We'll come back to that in a minute...
First, some treacherously good news: the Dow rose again yesterday...up 239 points. We're still withholding judgment, but it looks as though this might finally be the long-awaited rally. Stocks market worldwide lost more than half their value without a single major rebound. We're overdue for one. Maybe this is it.
Oil rose too - to $47. It seems to be getting ready to slide back over the $50 mark.
And the dollar may have topped out. The euro rose yesterday to $1.28...while gold recovered $13 to close at $924. But you can still get yours for just a penny per ounce.
As near as we can tell there is no good reason for top stocks to rally. Unemployment is still rising and sales are still falling.
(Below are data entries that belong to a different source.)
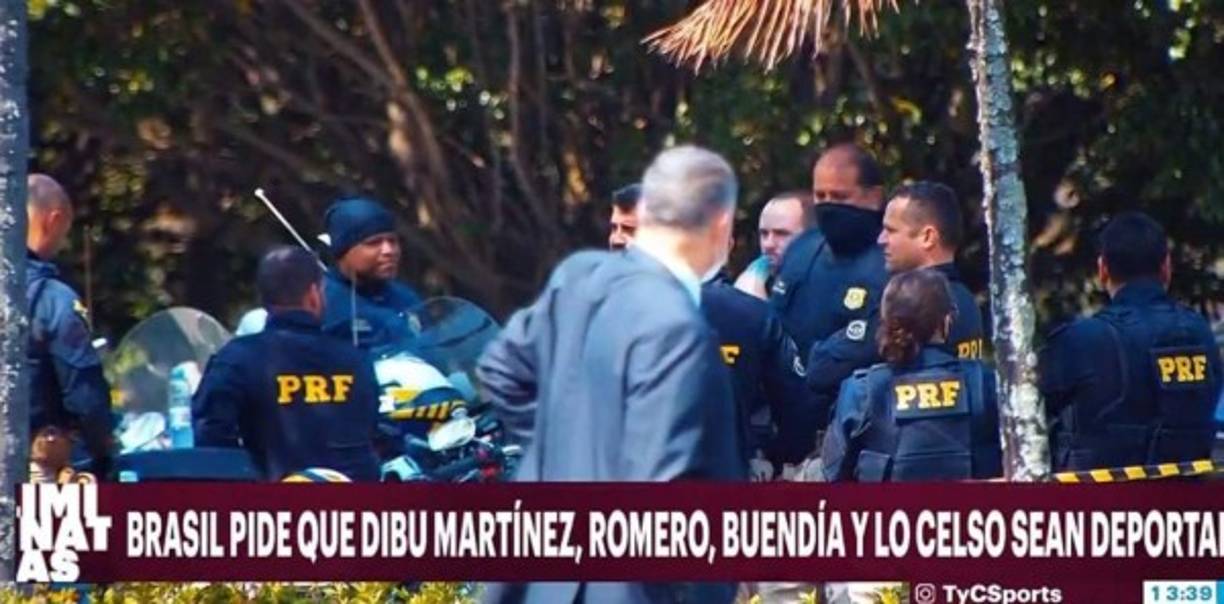 Horas antes del partido, miembros de la Policía Federal de Brasil estuvieron en el hotel de concentración de Argentina, autoridades de Anvisa querían deportar a Emiliano Martínez, Giovani Lo Celso, Cristian Romero y Emiliano Buendía.<br/><br/>Finalmente, la Confederación Sudamericana intervino y presionó a Confederación Brasileña, por lo que el plantel argentino se trasladó completo al estadio. Y después se vinó el bochornoso momento de la suspensión.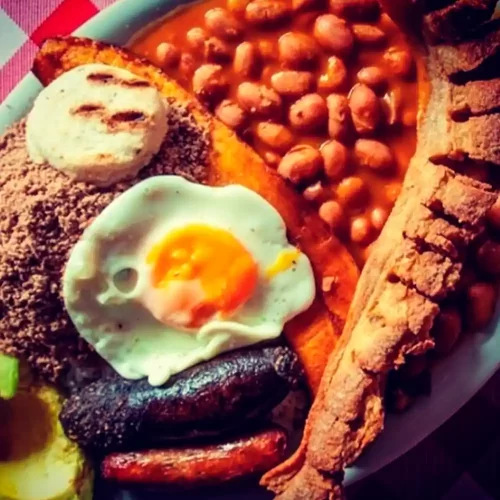 Bandeja paisa y pabellón criollo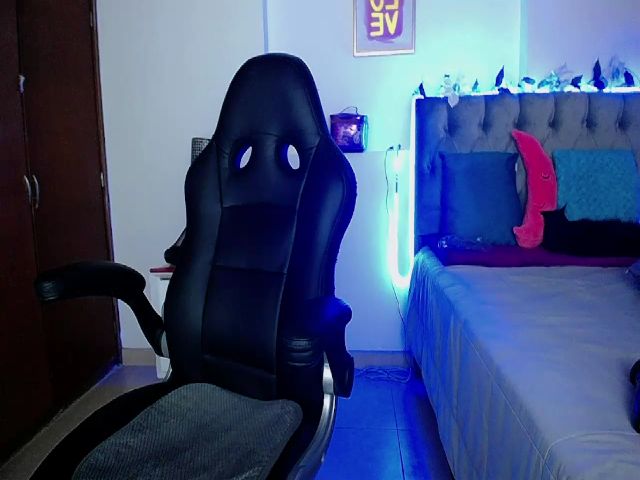 Live sex webcam photo for Cristal_19 #257457674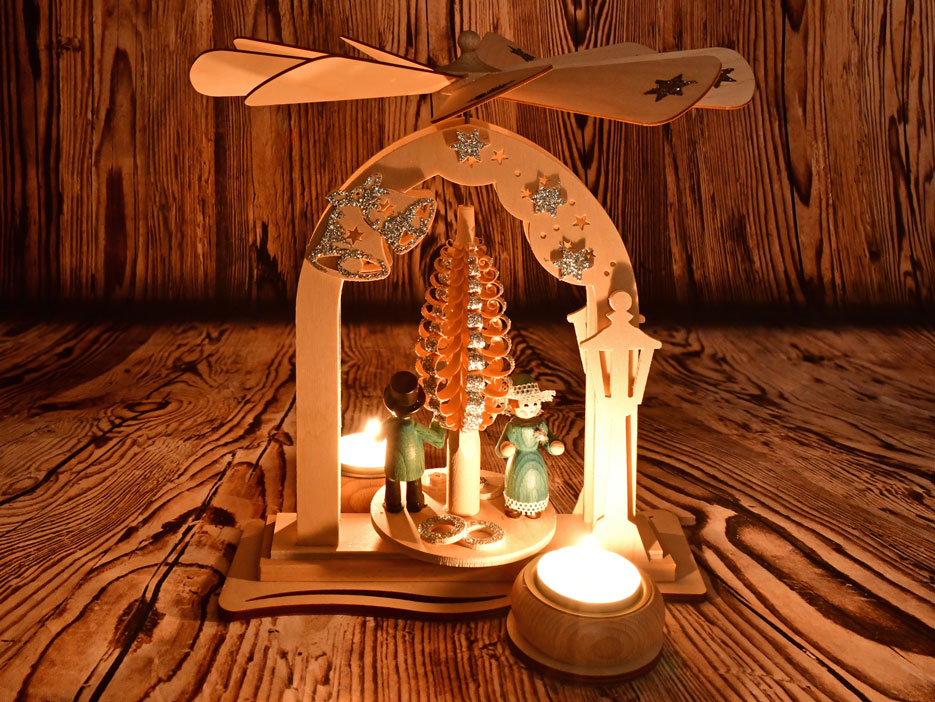 Star arch pyramid, silver wedding with tea light holder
Until those trends flatten out, there is no reason to think business will improve.
Au contraire, business conditions are worsening and companies are cutting dividends faster than any time since the Great Depression. How can stocks market go up in price...when sales and earnings are falling? The only possibility would be an increase in P/E ratios. But who wants to pay more for corporate earnings now?
No one we know. Instead, investors are becoming more and more wary. Why? Because even the biggest, strongest companies in the world are reporting problems. The agencies knocked down GE's rating the other day. "What's it worth now?" asks a headline. But the same question could be posed to almost any company on the planet - conditions have changed; what's it worth now?
Last autumn, Warren Buffett commented on the solidity of his own company: "If Berkshire [Hathaway] isn't Triple A, I'm not sure which company would be."
But yesterday, Fitch took Berkshire down a notch...noting that the company had financial exposure in its insurance division that could be troublesome. Berkshire is no longer Triple A. And investors have to ask themselves: if you can't trust the best companies, run by the best CEOs, who can you trust?
We won't wait around for an answer, because there is none. The fact is the crisis has put a question mark behind all asset values.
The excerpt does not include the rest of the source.